Lovely writing, as always, March.
Hey, you can come sit by me! I was surprised by how mixed the reactions were to the column. Very educational for me.
Hey March –
I think this is one of a few times I have commented on this blog (although it is a permanent part of my morning readings….). I really enjoy your writing – you have a beautifully succinct prose, delicately detailed – just enough to make us feel that we are there with you – not only visually, but emotionally too…..that’s good writing.
Kudos to you,
Marko
Hey, Marko — thanks for delurking! It’s always nice to hear from a new, friendly voice.

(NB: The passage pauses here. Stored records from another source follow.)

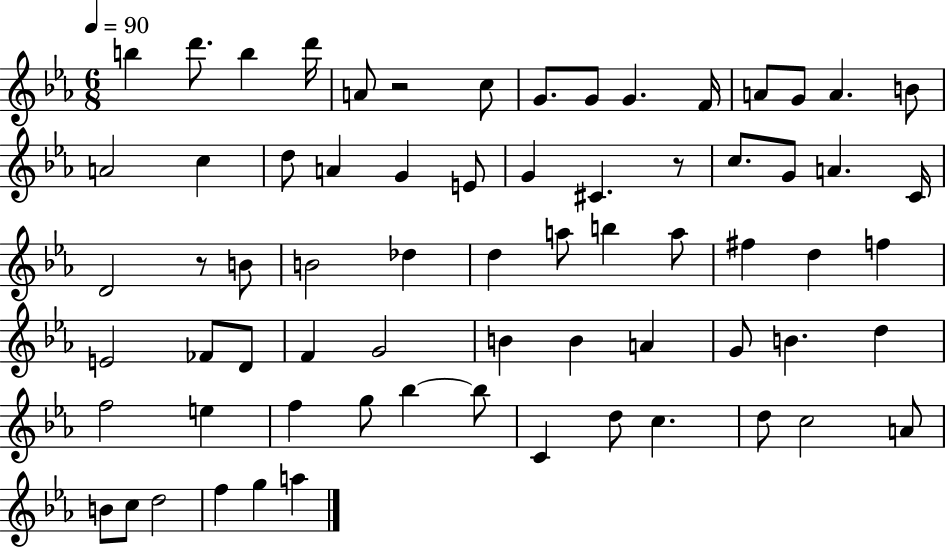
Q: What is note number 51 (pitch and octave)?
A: F5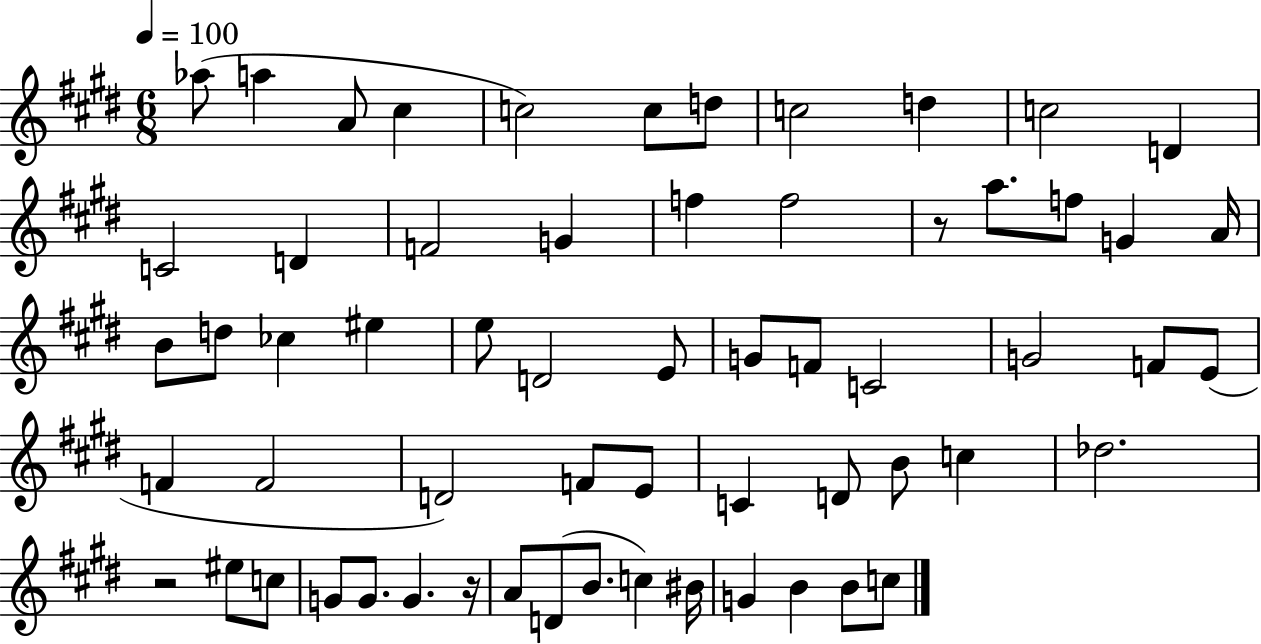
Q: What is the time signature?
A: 6/8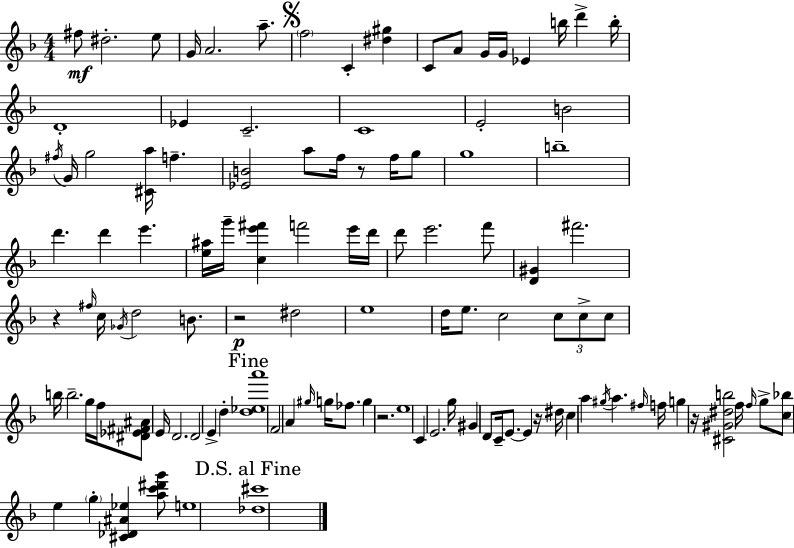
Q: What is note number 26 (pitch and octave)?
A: F5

I love this essay, you at your most evocative. I couldn’t comment until I had thoroughly meditated on the Modern Love column. I admire the concept, but personal application…..I don’t think I could do it, probably because there are no children at home to sustain. Marriage enters a whole new phase when the nest is empty. Anyway, thanks for your gorgeous images.
Thanks, doll. I am not sure I could do it either, but (like climbing a mountain?) there’s a part of me that wonders if I *could* do it. If I wanted it bad enough, you know?
Man, when my nest is empty I’ll be, like, 120 years old.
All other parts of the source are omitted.